Aunque sabía que a los cuarenta y siete años lo más conveniente era permanecer en la Cleveland Clinic, el deseo de ser reconocido en su país pudo más que la razón. Dos días después, el doctor Effler le respondió por escrito: «Querido René: tu carta no me ha sorprendido, no obstante me ha desilusionado profundamente […] La pérdida será tremenda. Ya que no tengo ilusiones de tener otro Favaloro. Podré, en los próximos diez años de mi carrera, estimular a jóvenes emprendedores a que traten de alcanzar tu récord».
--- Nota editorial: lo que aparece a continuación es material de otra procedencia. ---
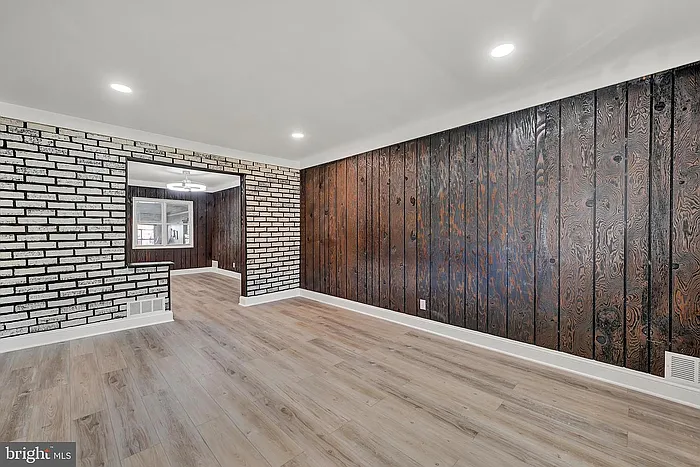 3 bed, 2.0 bath, $2,300 — Photo 3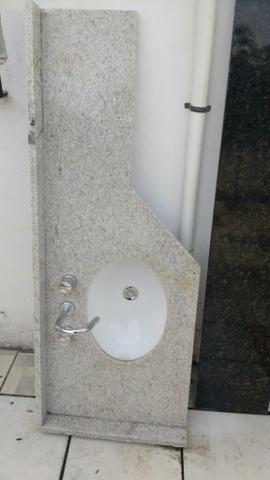 Pia de banheiro em mármore com toneira deca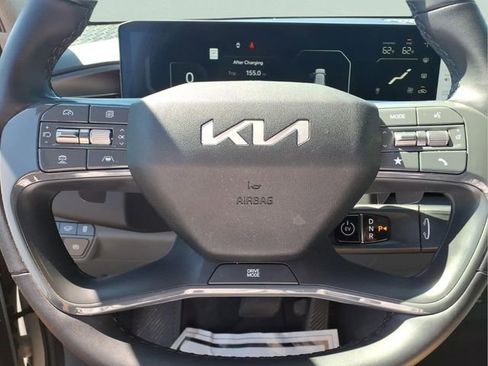 Used 2024 Kia EV9 Light Long Range RWD image 12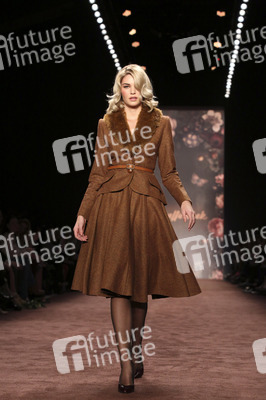 Lena Hoschek Fashion Show auf der Mercedes-Benz Week Autumn/Winter 2016 in Berlin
Con la ayuda de su hermano y un equipo de colaboradores, en 1975 creó la Fundación Favaloro, que funcionaba como un anexo del Sanatorio Güemes, de Buenos Aires. Tenía como eje central desarrollar un plan de salud para que, con un aporte mínimo de todos los ciudadanos, se pudiera operar a cualquier persona en cualquier hospital público en forma gratuita. Otros objetivos eran poner un tope a las ganancias de los médicos y de los laboratorios, obtener para la fundación un apoyo estatal fuerte y atender también los sectores más humildes de la población. De todos los objetivos, sólo pudo cumplir con los dos últimos.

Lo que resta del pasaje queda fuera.